Flooded streets added to traffic congestion in parts of the capital on Monday morning.

A rock fell from Moqattam hill early Monday, blocking traffic for several hours, state-owned Radio Misr reported.

The Hurghada-Cairo and Qusayr highways were closed due to the bad weather, the interior ministry said.

Some schools in the Red Sea governorate were closed on Monday due to heavy rain, especially in Hurghada.

The international arrivals hall at Hurghada airport was damaged by rain on Sunday, forcing passengers to be moved to the domestic travel terminal.

In South Sinai, Nuweiba suffered a complete blackout when electricity was cut to prevent a short circuit.

In Upper Egypt, Assiut governor Ibrahim Hamad announced the closure for two days of thirty schools in areas hit by storms.

In the Nile Delta, villages and cities in Kafr El-Sheikh governorate suffered heavy rain for almost three hours on Sunday. The ports of Rashid and El-Bourlos were closed as a result. Fishing activities were also halted in the Mediterranean Sea, Rashid and El-Bourlos lake.

Electricity was cut off in hundreds of villages in Kafr El-Sheikh.

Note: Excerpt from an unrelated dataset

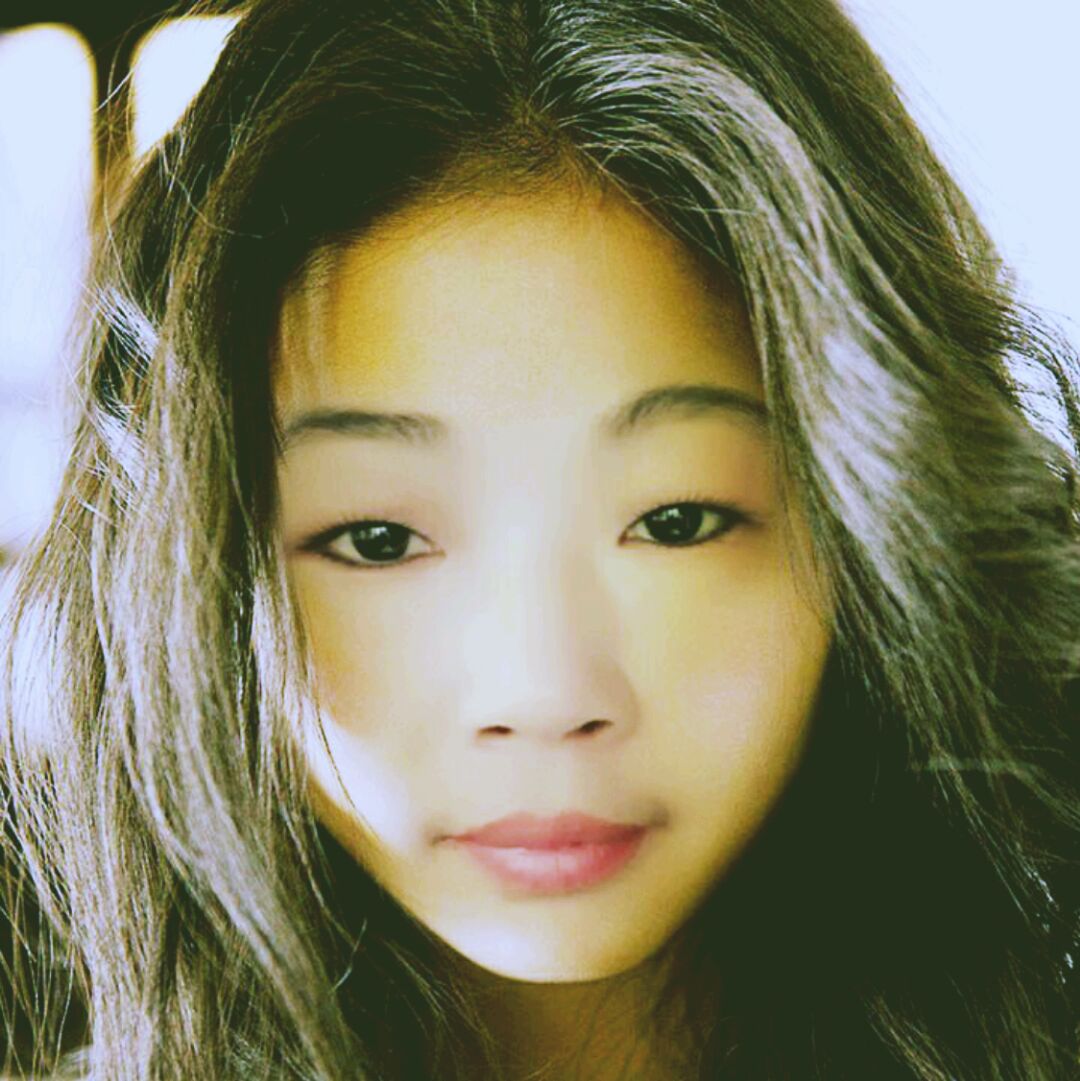 想买自己喜欢拥有一切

The hurghada cairo road is still closed


----------



## aykalam (Apr 12, 2010)

hhaddad said:


> The hurghada cairo road is still closed


and here is why


----------



## Gounie (Jan 27, 2011)

I managed to get from El Gouna to Hurghada Airport yesterday around 5pm to collect my brother who is visiting for the first time! Travelled on the Hurghada/Cairo highway which kept disappearing completely leaving thick mud. Cars where moving to the northbound carriageway to travel south. Coming back it was just after sunset and quite scary with headlights approaching not knowing which side of the road they were on. A lot of lorries due to the road being closed before.

The main road once you enter the town of El Gouna turns left past the new water cable park. This road has collapsed in half lengthwise and looks like Niagra Falls as the water is all running into the new park lake!
https://www.facebook.com/photo.php?v=10152222383130743


----------